Prove the following by using the principle of mathematical induction for all n ∈ N:

Solution:

Let the given statement be P(n), i.e.,

$\mathrm{P}(n):\left(1+\frac{3}{1}\right)\left(1+\frac{5}{4}\right)\left(1+\frac{7}{9}\right) \ldots\left(1+\frac{(2 n+1)}{n^{2}}\right)=(n+1)^{2}$

For n = 1, we have

$P(1):\left(1+\frac{3}{1}\right)=4=(1+1)^{2}=2^{2}=4$, which is true.

Let P(k) be true for some positive integer k, i.e.,

$\left(1+\frac{3}{1}\right)\left(1+\frac{5}{4}\right)\left(1+\frac{7}{9}\right) \ldots\left(1+\frac{(2 k+1)}{k^{2}}\right)=(k+1)^{2}$ $\ldots(1)$

We shall now prove that P(k + 1) is true.

Consider

$\left[\left(1+\frac{3}{1}\right)\left(1+\frac{5}{4}\right)\left(1+\frac{7}{9}\right) \ldots\left(1+\frac{(2 k+1)}{k^{2}}\right)\right]\left\{1+\frac{\{2(k+1)+1\}}{(k+1)^{2}}\right\}$

$=(k+1)^{2}\left(1+\frac{2(k+1)+1}{(k+1)^{2}}\right)$ [Using(1)]

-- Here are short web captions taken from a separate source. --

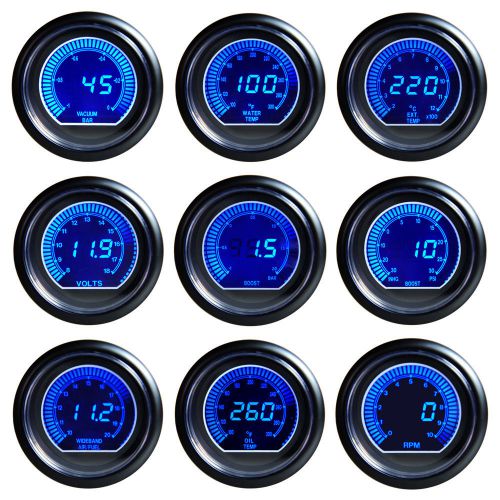 Blue digital bar racing engine oil pressure gauge meters lcd 2.5&#034; 60mm universal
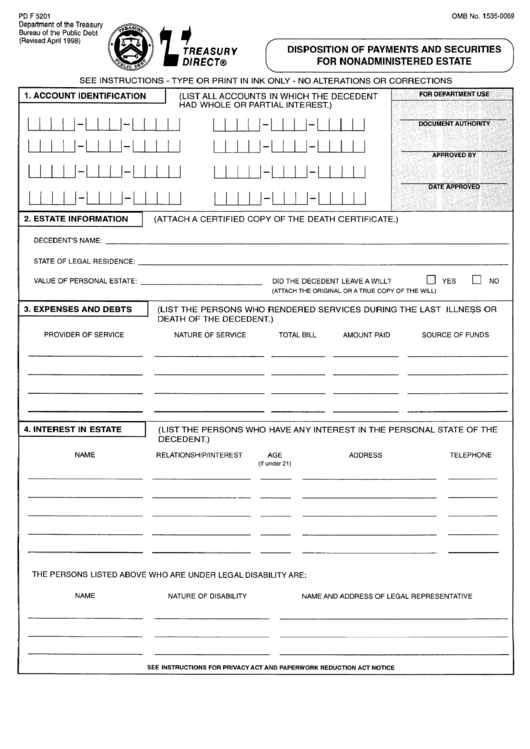Disposition Or Payments And Securities For Nonadministered Estate Form - Department Of The Treasury Printable pdf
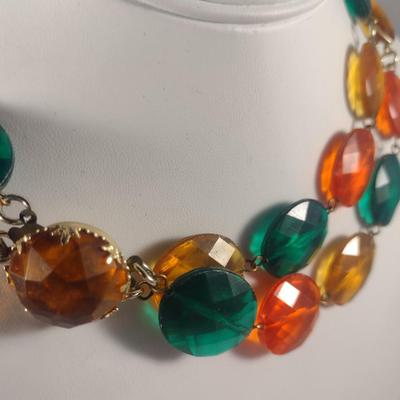 Vintage Double Strand Chunky Necklace with Gold Tone Accents- Marked West Germany
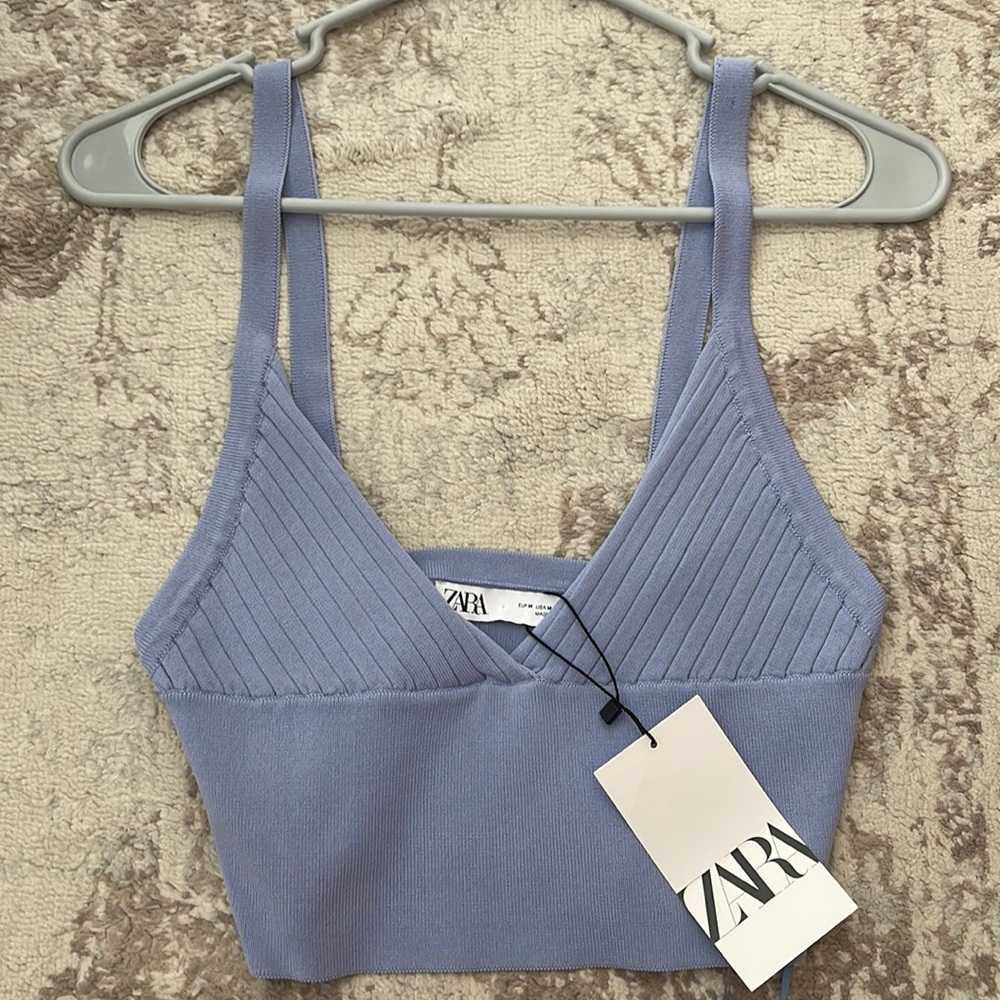 NWT zara baby blue knit top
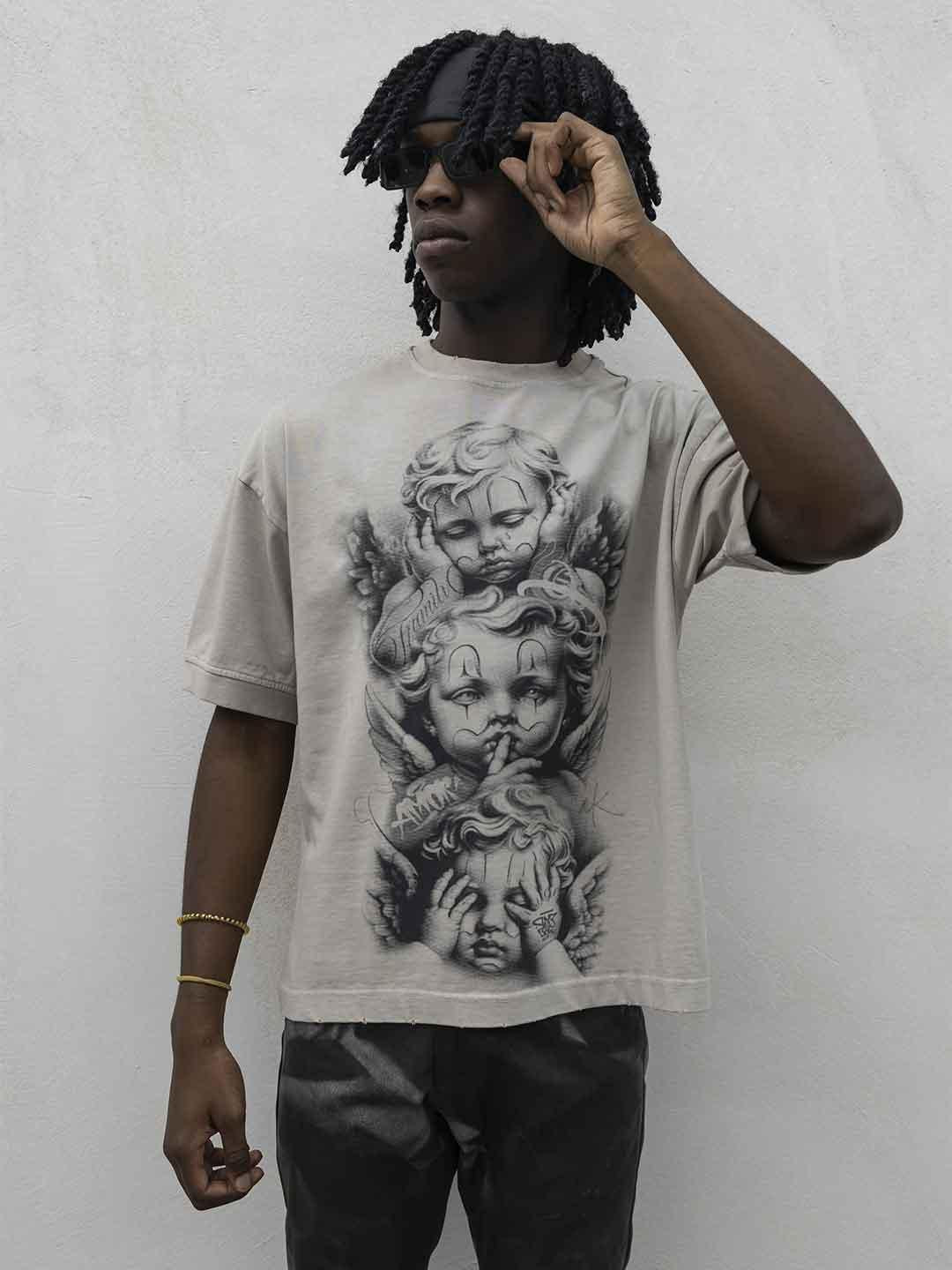 Present Day t-shirt beige con angeli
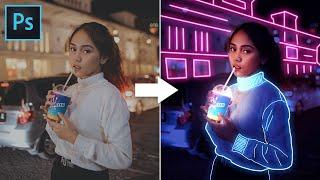 Glow Effect - Photoshop Tutorial | Glowing Lines Effect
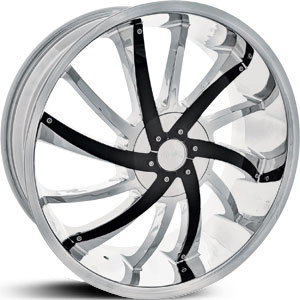 20x8.5 Shooz 010 Chrome / Black Inserts RWD
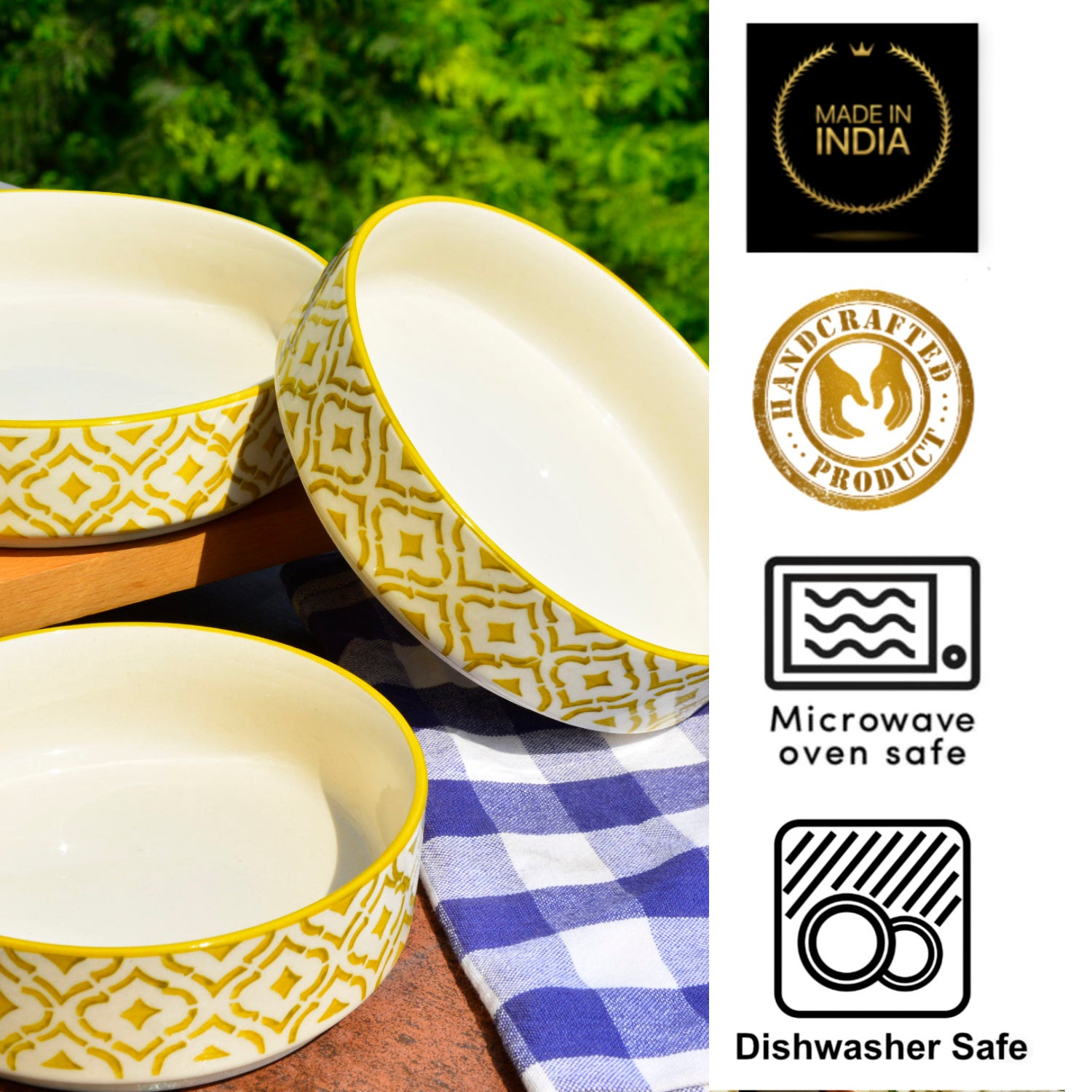 Hand-Painted Ceramic Salad Serving Trays (Set of 3, Yellow & White, Diameter – 19 cm, 17 cm & 15 cm) - View 6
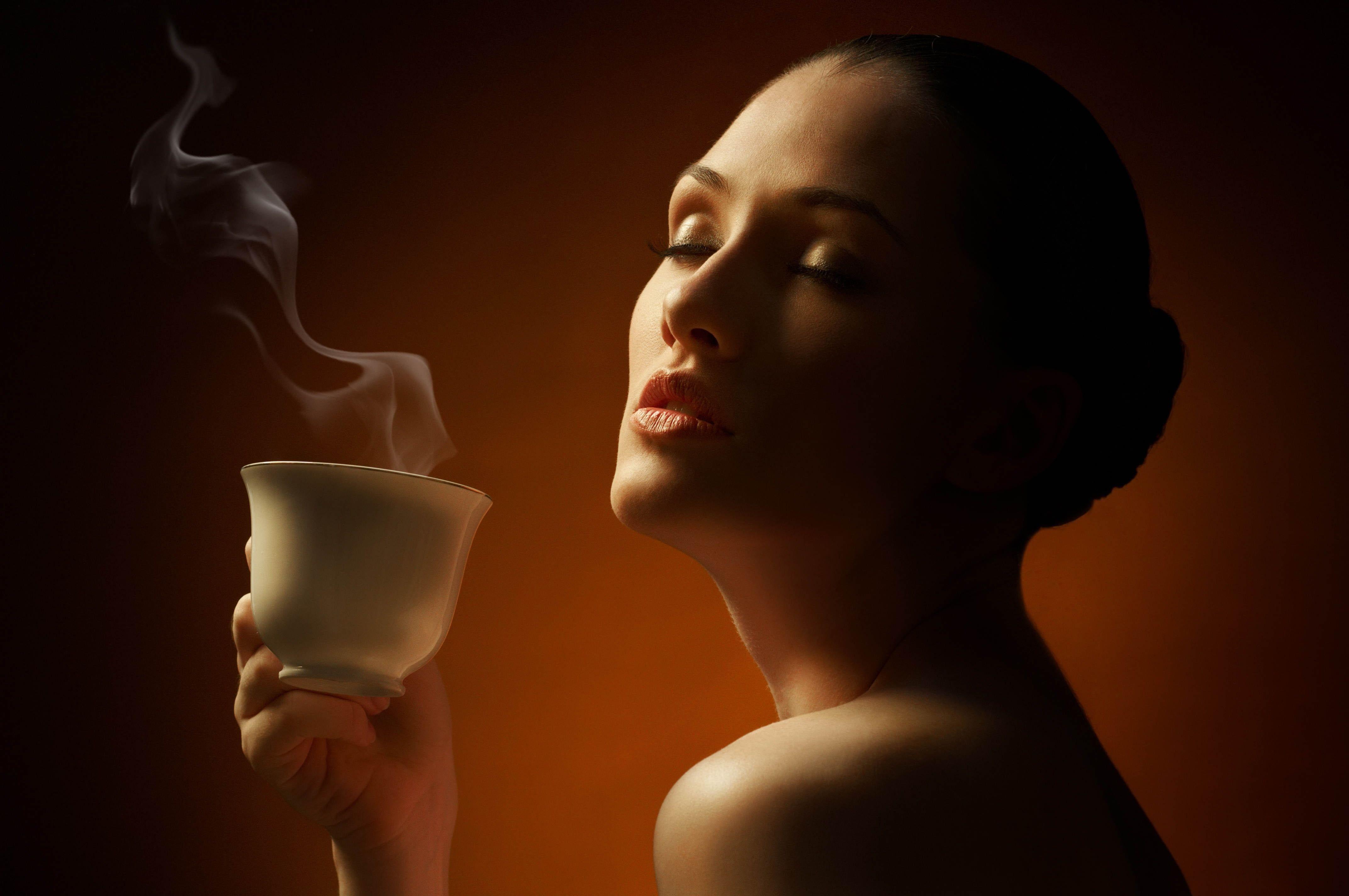 4288x2848 HD wallpaper: coffee, girl, closed eyes, blonde, Girls, one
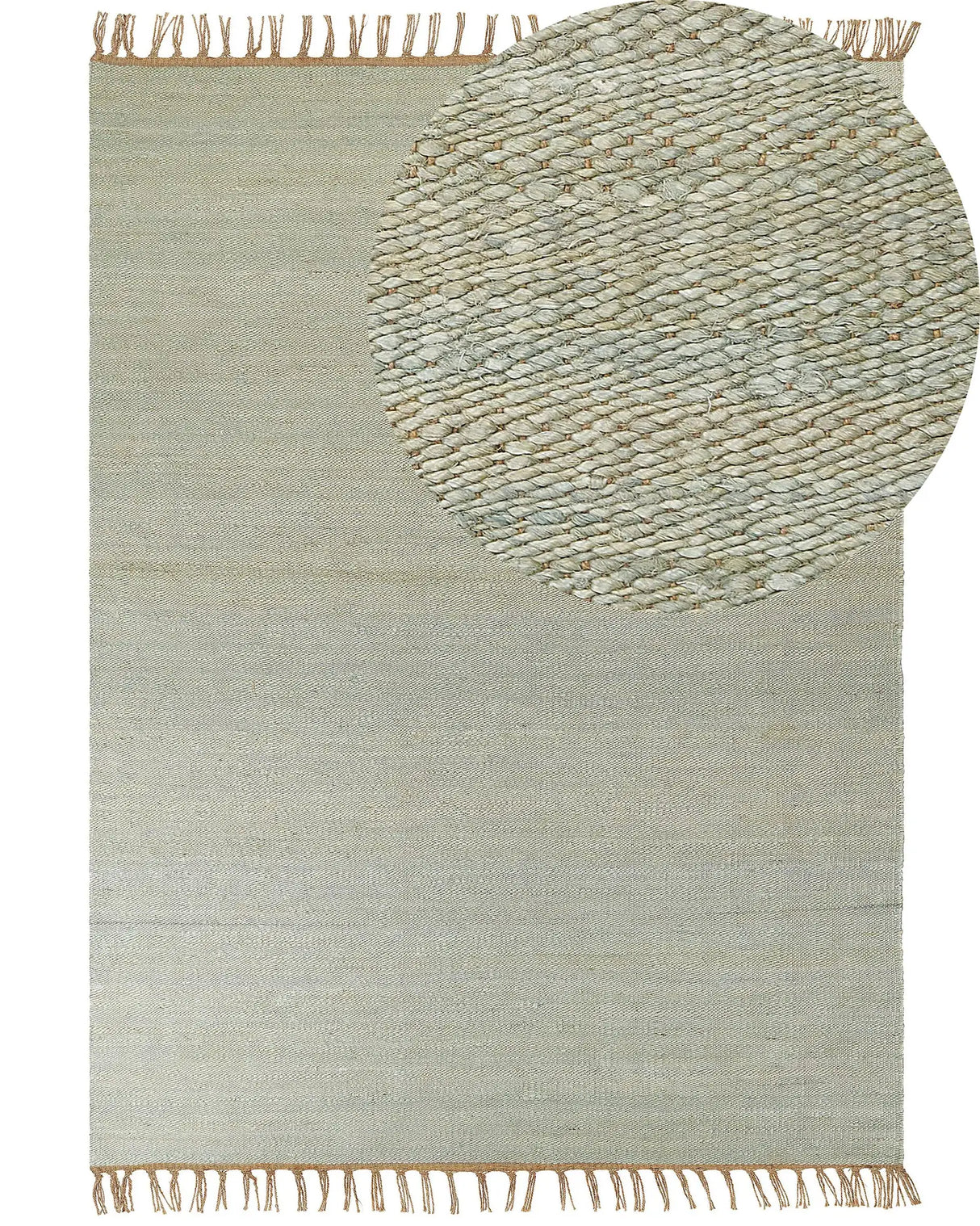 Area Rug Green Jute 160 x 230 cm Tassels Handwoven Boho Hallway Bedroom Beliani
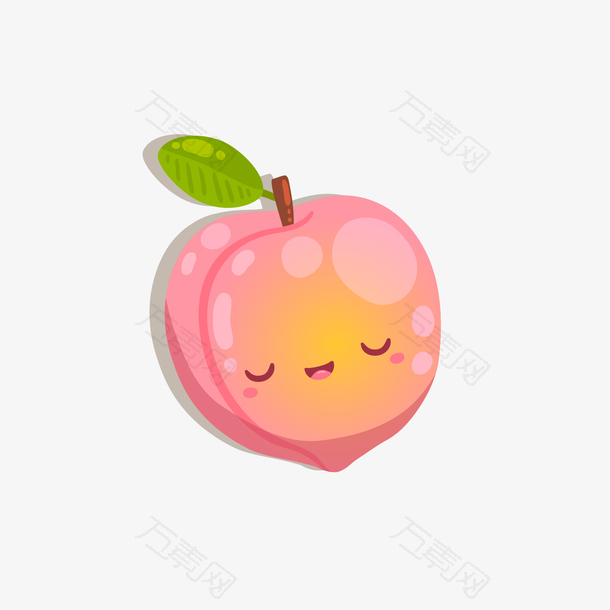 粉色桃子卡通表情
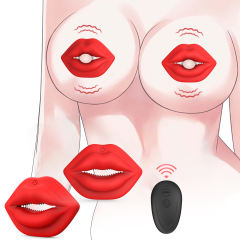 Red 9-Speed Rechargeable Silicone Vibrating Nipple Clamps with Remote Control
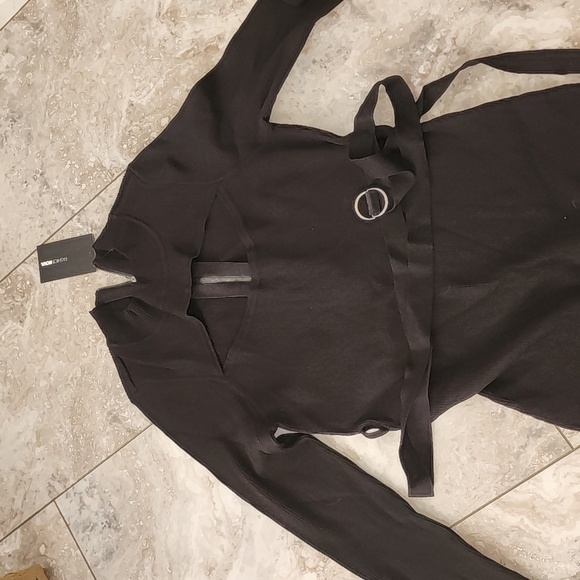 FASHION NOVA NWT BLACK TOP SECRET RIBBED KNIT JUMPSUIT SIZE 3X STRETCH - Picture 4 of 8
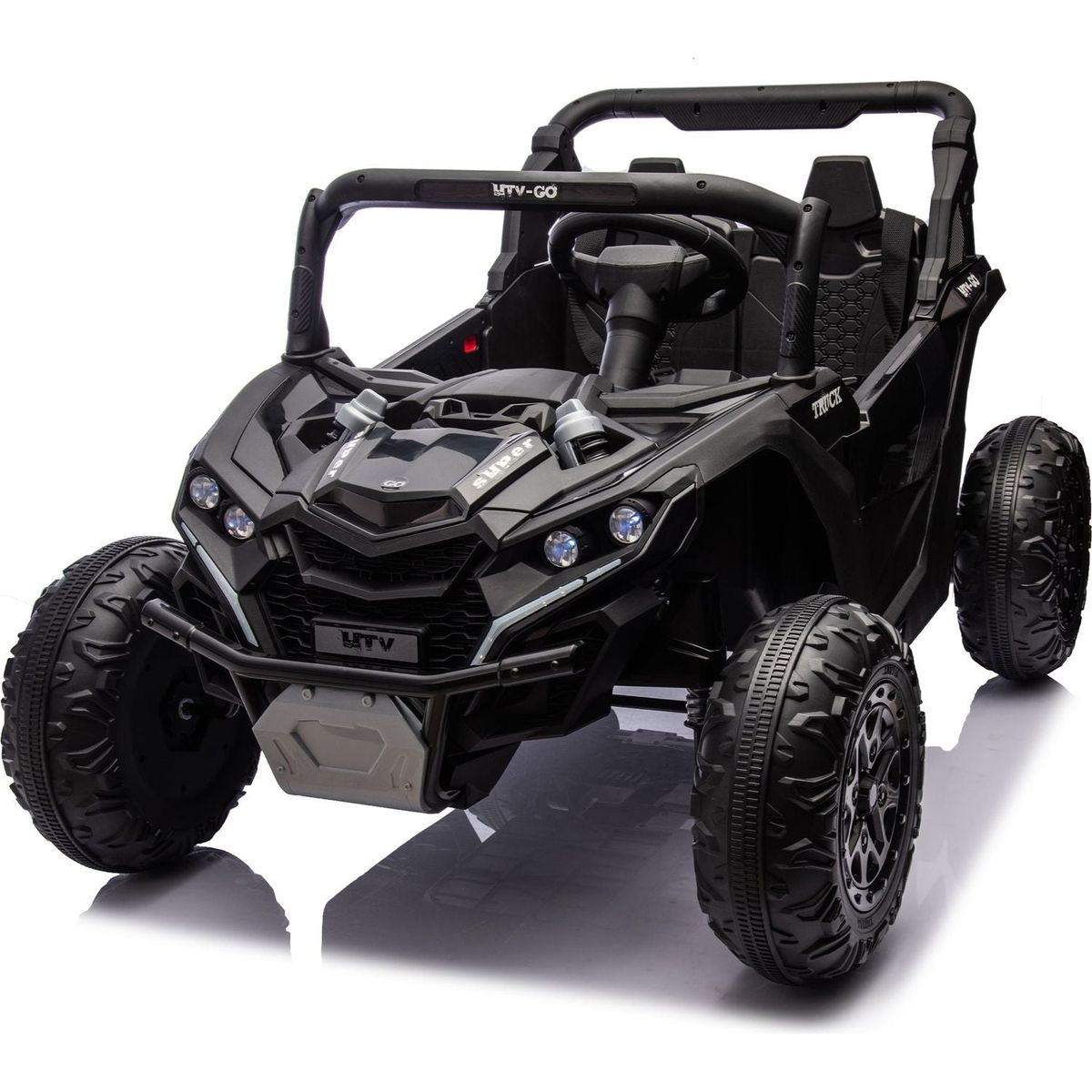 24V Two-Seater Kids Ride On UTV W/Parents Remote Control,Four-Wheel Suspension,Slow Start,Large wheel design,Anti-collision bar,Storage space,Music,USB,Bluetooth,Volume control,LED lights for Kids 3+.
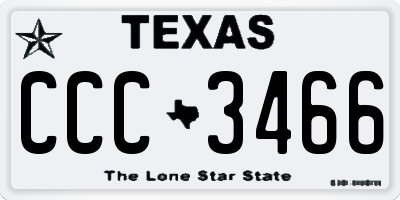 TX license plate CCC3466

$=(k+1)^{2}\left[\frac{(k+1)^{2}+2(k+1)+1}{(k+1)^{2}}\right]$

$=(k+1)^{2}+2(k+1)+1$

$=\{(k+1)+1\}^{2}$

Thus, P(k + 1) is true whenever P(k) is true.

Hence, by the principle of mathematical induction, statement P(n) is true for all natural numbers i.e., n.